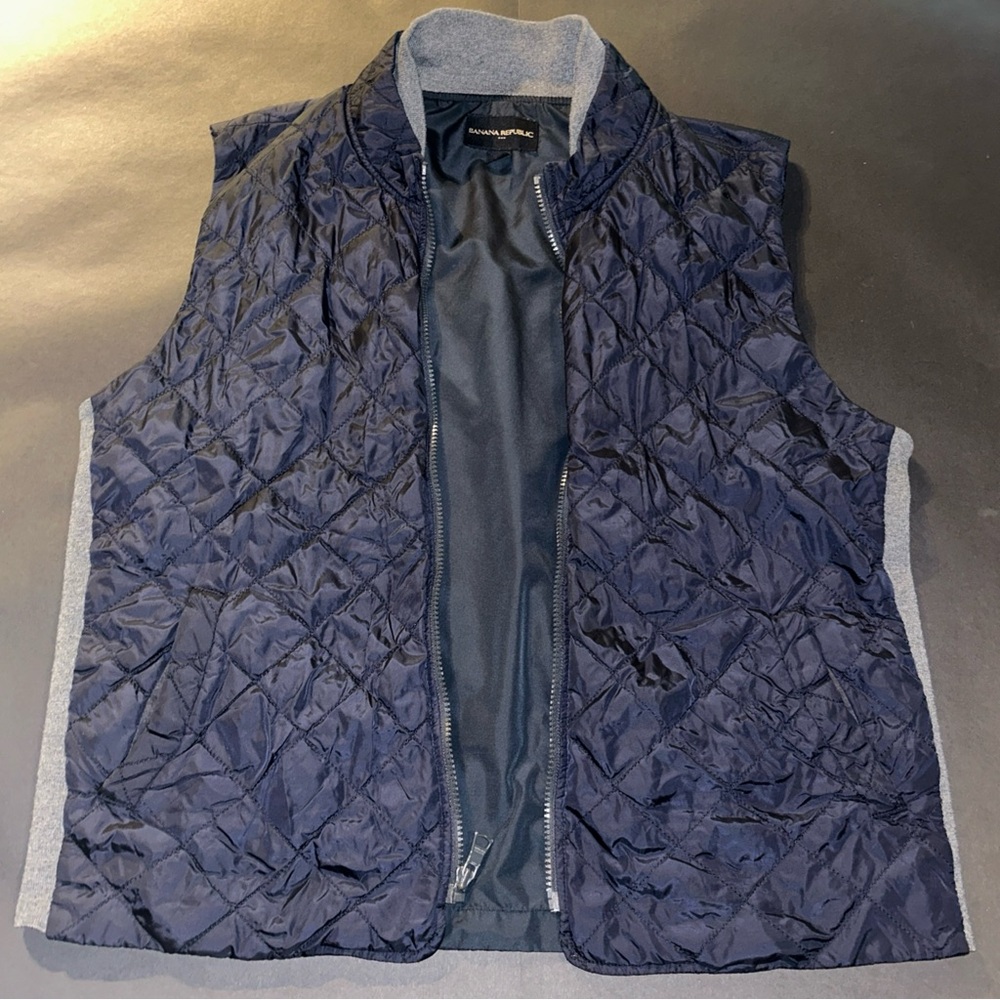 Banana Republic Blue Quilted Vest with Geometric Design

= = = = =

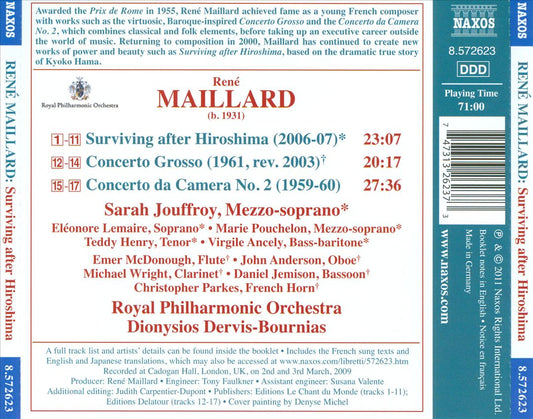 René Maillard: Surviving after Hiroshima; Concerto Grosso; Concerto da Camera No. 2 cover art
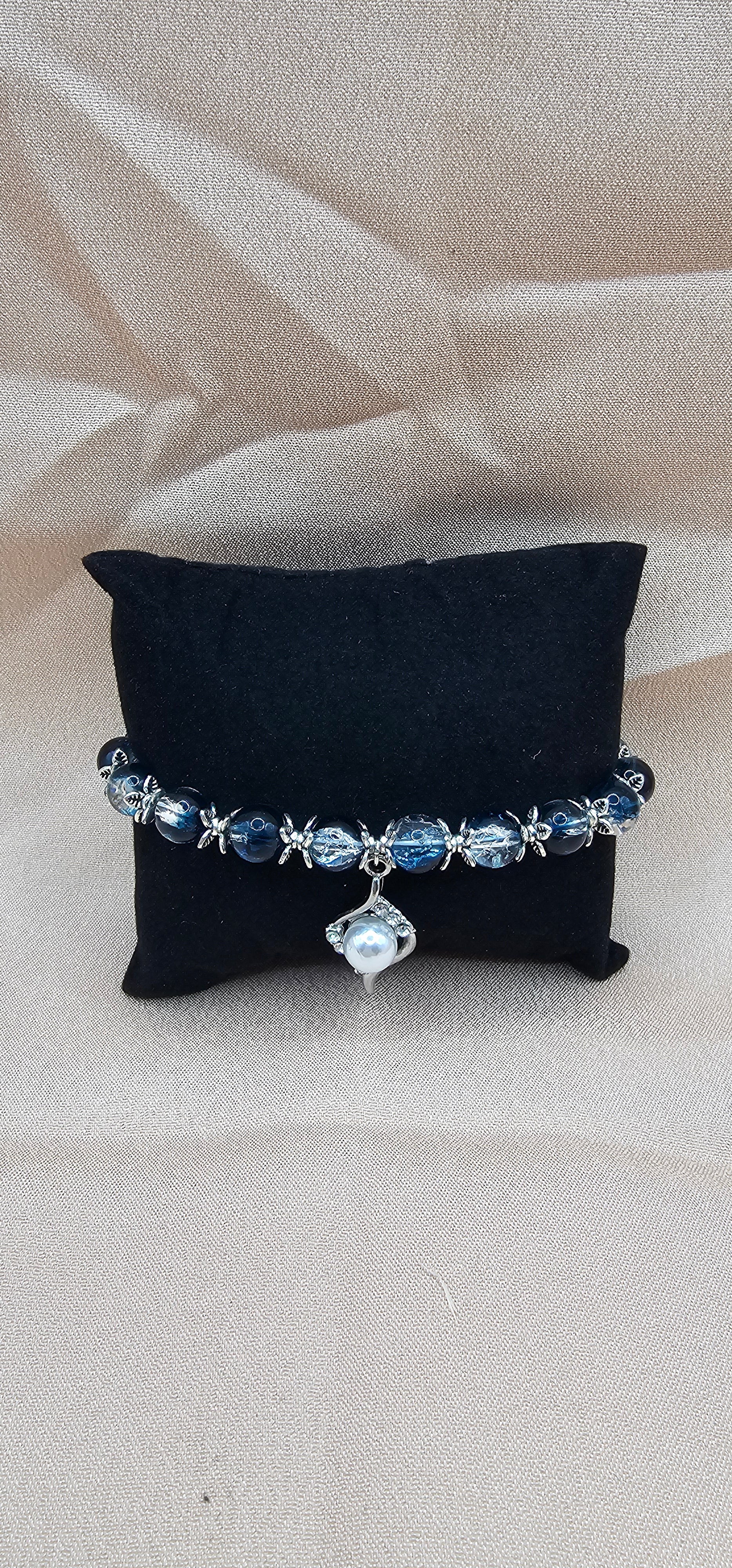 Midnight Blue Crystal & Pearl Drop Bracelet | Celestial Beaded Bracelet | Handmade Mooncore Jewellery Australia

= = = = =

Copy the lines above exactly, starting with the line that contains "René Maillard: Surviving" and ending with the line that contains "Midnight Blue Crystal", and leave out any pictures.

 René Maillard: Surviving after Hiroshima; Concerto Grosso; Concerto da Camera No. 2 cover art
 Midnight Blue Crystal & Pearl Drop Bracelet | Celestial Beaded Bracelet | Handmade Mooncore Jewellery Australia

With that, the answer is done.